Joy: I’ve heard some people say that. In a way one cannot compare what
happened to Japanese Canadians to the Holocaust in Europe. It was so
different in degree that it does not bear mentioning in the same breath
but the racism is a constant in all countries and this is Canada’s
version of its racist actions. But as we say those who imagine it to be
a house where certain dreams were and where those certain dreams died,
yes, that’s what it is. It is that.

Kathryn: Ann-Marie?

Ann-Marie: Anne Frank House is a place where people go to learn and
remember about the Holocaust and Kogawa House I would love to see as a
place where people could come and learn about the internment and the
potential within our society to turn against and so prevent the same
thing happening.

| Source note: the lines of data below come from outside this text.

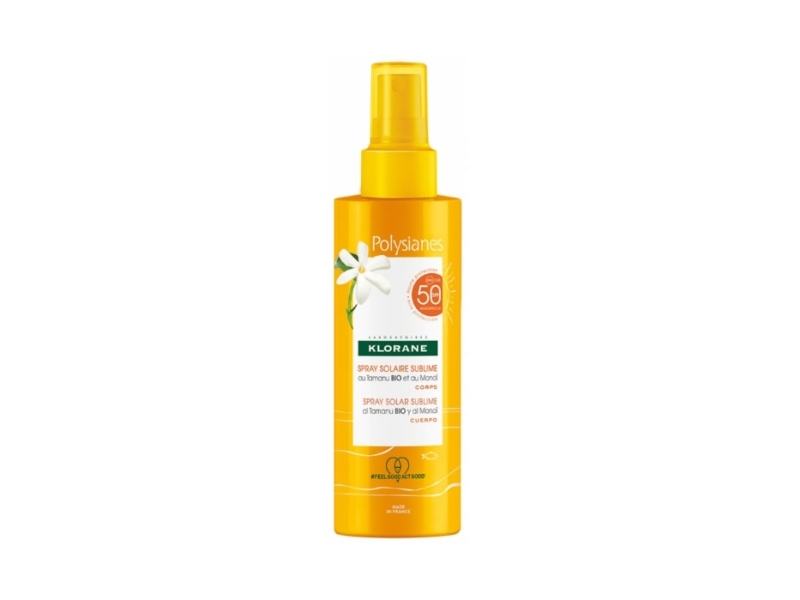 Klorane Polysianes Sublime Solar Spray Spf 50 200Ml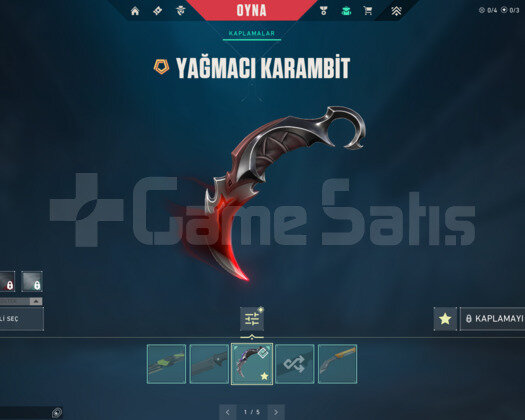 YAĞMACI KARAMBT/RGX BIÇAK/CHAMPİON EPOSTA HESAP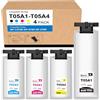 Yongairuink T05A1 T05A2 T05A3 T05A4 Cartucce di ricambio per EPS Workforce Pro WF-C878Ra WF-C878RD3TWFC WF-C878RDTWF WF-C878RTC WF-C879Ra WF-C879RTC (4 pezzi)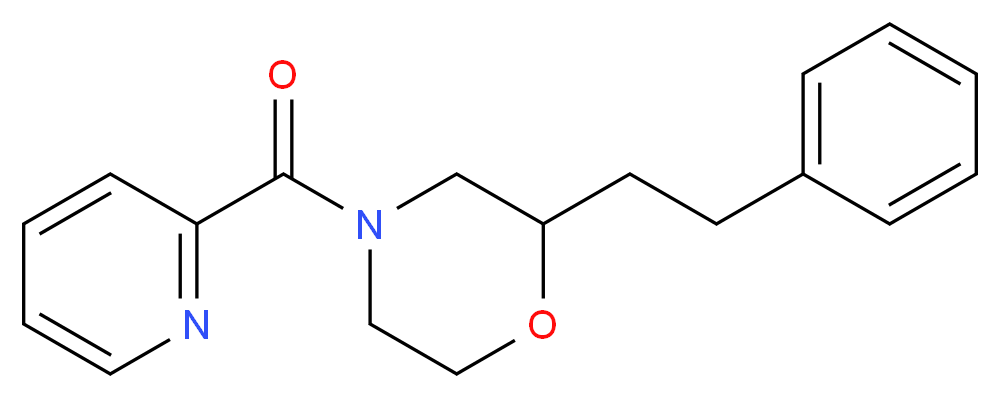 2-(2-phenylethyl)-4-(2-pyridinylcarbonyl)morpholine_Molecular_structure_CAS_)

More than a museum, though, I would really love to see
writers working here, creating new energy and new work.

Kathryn: You’re listening to Sounds Like Canada on CBC Radio One. I’m
Kathryn Gretzinger, sitting in for Shelagh Rogers, and I’m here in
Marpole with Joy Kogawa and her lovely neighbour Ann-Marie. We’re
standing beneath the cherry tree. I’m just looking up at a branch that
has been cut.

Joy: I know. You know, in my mind when I first came upon this tree in
2003, that was me because I thought: I was wounded, I was deeply
wounded. Somebody cared enough to put that bandage, which is still
there, on the tree. But the part of it which was flourishing and
flowering and beautiful and healthy—I said that’s me and it was held up
by a trestle–that was me. But it’s all gone. It’s been cut. It’s been
cut away and so has this other branch, which was so healthy and strong.
Now, I don’t understand why those parts of the tree were cut away and I
kind of felt depressed about it and I thought, oh, maybe that’s the end
of it all. Who knows?

I don’t understand a lot of things that happen in the world and I don’t
know what is to happen but what has happened, which is also miraculous,
is that Ann-Marie’s friend Derry Walsh, took some cuttings from this
tree and one of them, one of the cuttings has been planted at Vancouver
City Hall. That’s a miracle so that the tree lives on. So children will
be able to see the child of the cherry tree and this tree I know is
dying and dying faster than it needed to have died and we will all die,
that is true. But if it remains here, it will stand as a symbol of what
was. The fact that it is has been damaged is also part of the story.
That is a part of the human condition. We do things and we don’t know
what we do a lot of the time when we do them.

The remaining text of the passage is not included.